- PROMPT -
For this exercise, retype the lines from the one that holds "Geschichte der Ukraine: ." through the one that holds "Ankara İl Sınırı" in the records below, both included, exactly and without pictures.

- DATA TO PROCESS -
◇ ◇ ◇ ◇ ◇ ◇ ◇

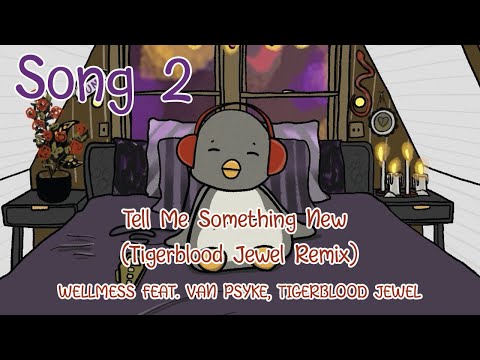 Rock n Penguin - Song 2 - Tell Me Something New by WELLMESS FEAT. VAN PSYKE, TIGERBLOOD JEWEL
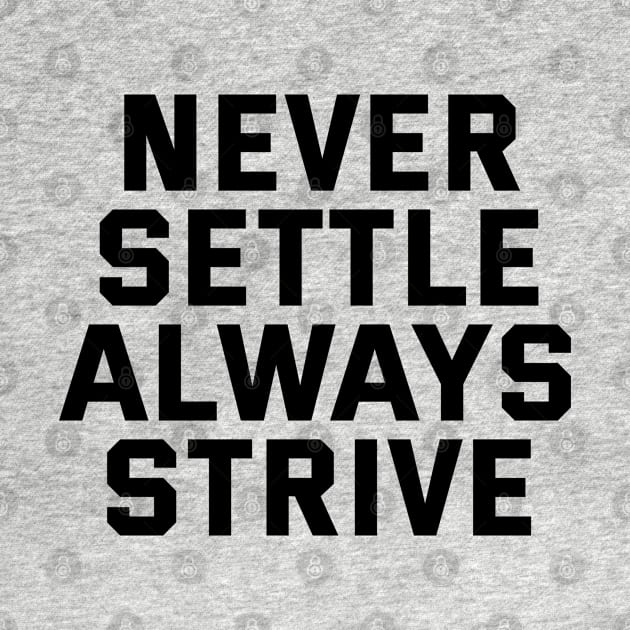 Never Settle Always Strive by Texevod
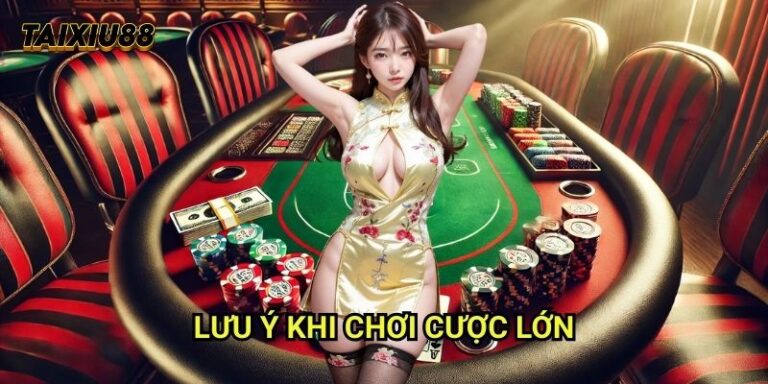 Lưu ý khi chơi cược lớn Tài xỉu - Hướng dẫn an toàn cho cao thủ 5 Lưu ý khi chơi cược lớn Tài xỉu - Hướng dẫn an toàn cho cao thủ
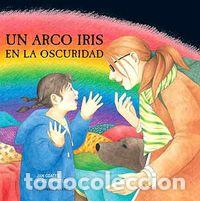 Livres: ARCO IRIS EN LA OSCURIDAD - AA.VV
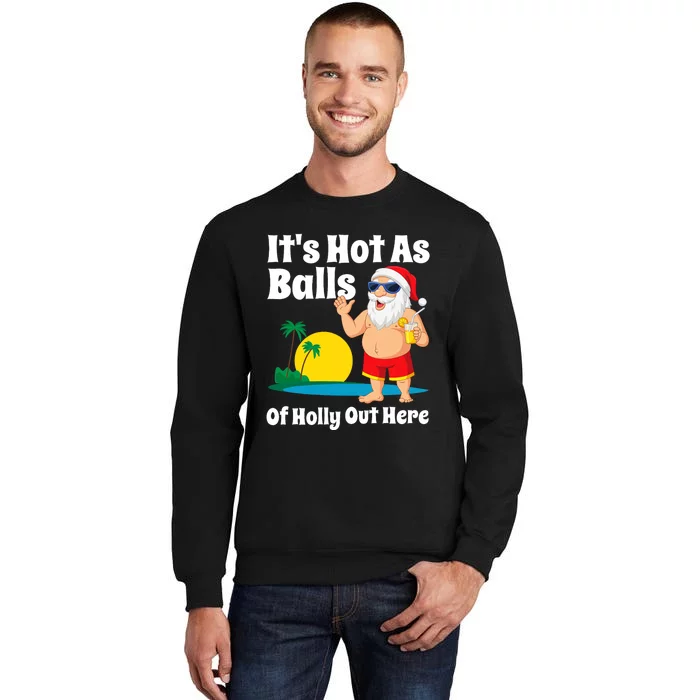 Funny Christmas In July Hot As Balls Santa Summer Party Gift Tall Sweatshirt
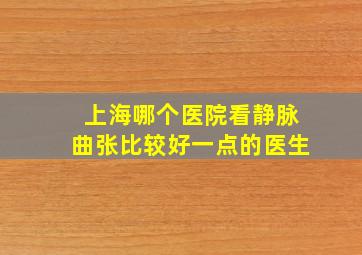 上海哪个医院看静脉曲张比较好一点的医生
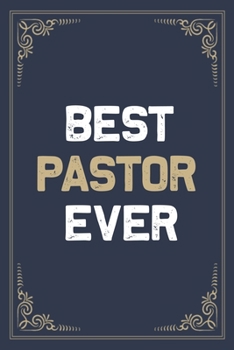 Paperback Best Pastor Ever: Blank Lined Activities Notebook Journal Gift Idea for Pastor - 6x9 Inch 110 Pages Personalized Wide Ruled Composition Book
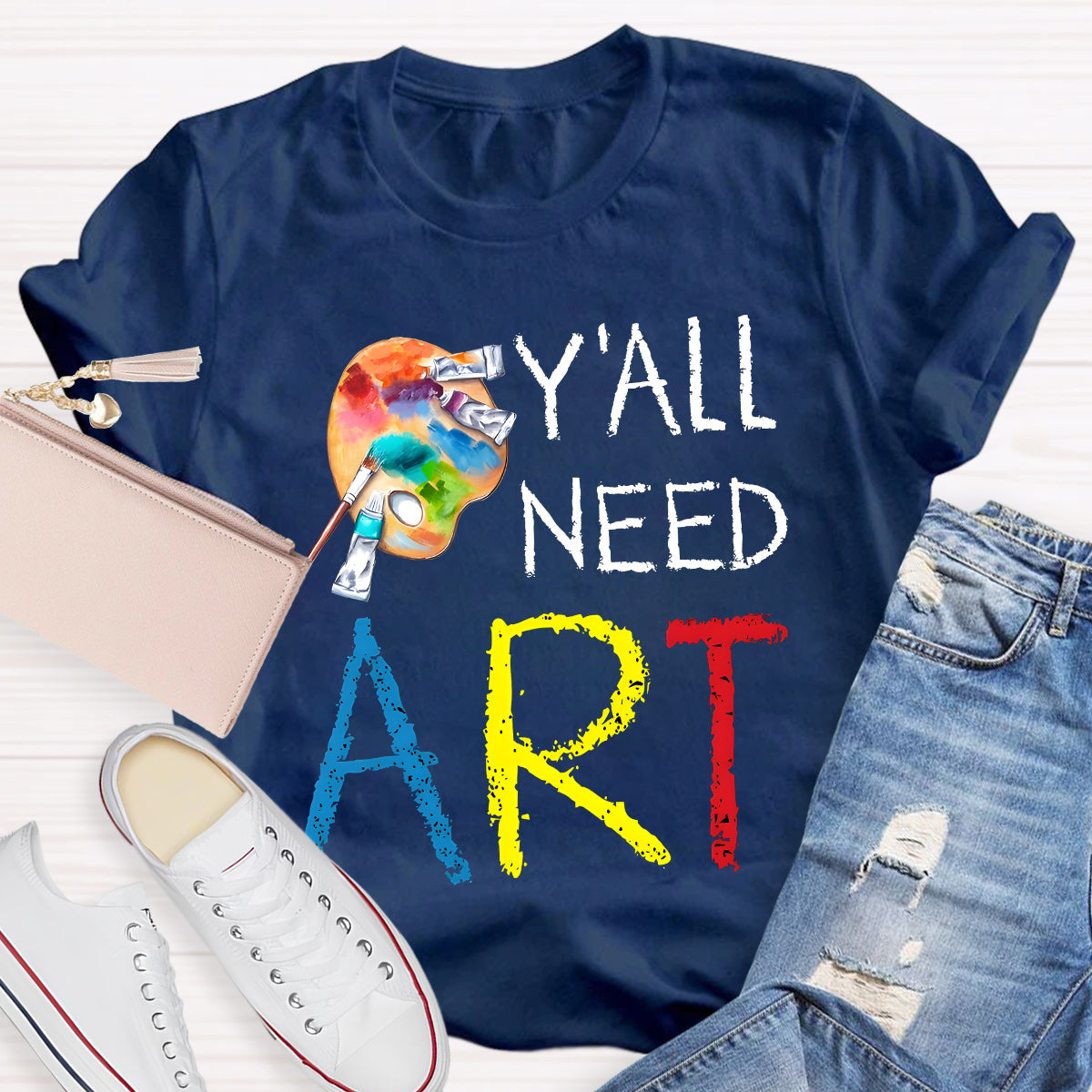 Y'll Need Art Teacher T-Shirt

◇ ◇ ◇ ◇ ◇ ◇ ◇

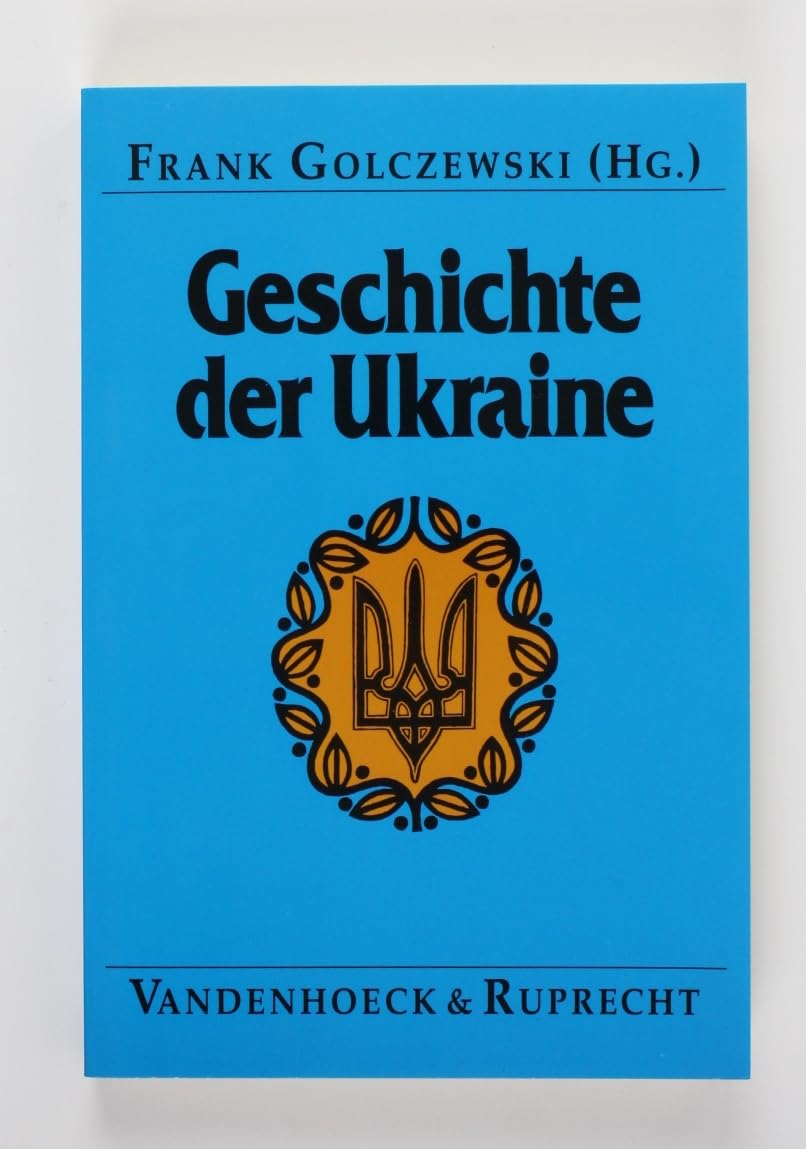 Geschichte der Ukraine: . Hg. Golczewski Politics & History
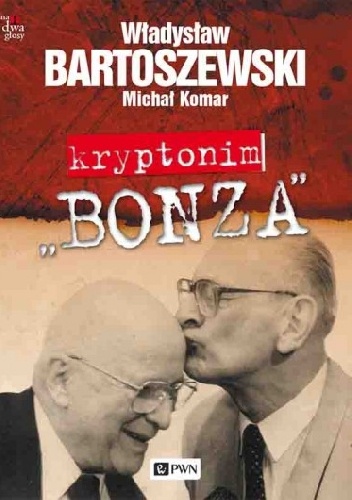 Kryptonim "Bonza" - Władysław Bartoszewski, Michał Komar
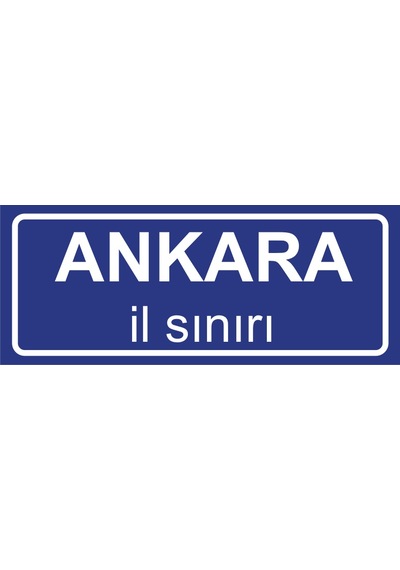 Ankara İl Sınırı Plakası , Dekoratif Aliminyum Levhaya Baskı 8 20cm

◇ ◇ ◇ ◇ ◇ ◇ ◇

- REPLY TO THE EXERCISE -
 Geschichte der Ukraine: . Hg. Golczewski Politics & History
 Kryptonim "Bonza" - Władysław Bartoszewski, Michał Komar
 Ankara İl Sınırı Plakası , Dekoratif Aliminyum Levhaya Baskı 8 20cm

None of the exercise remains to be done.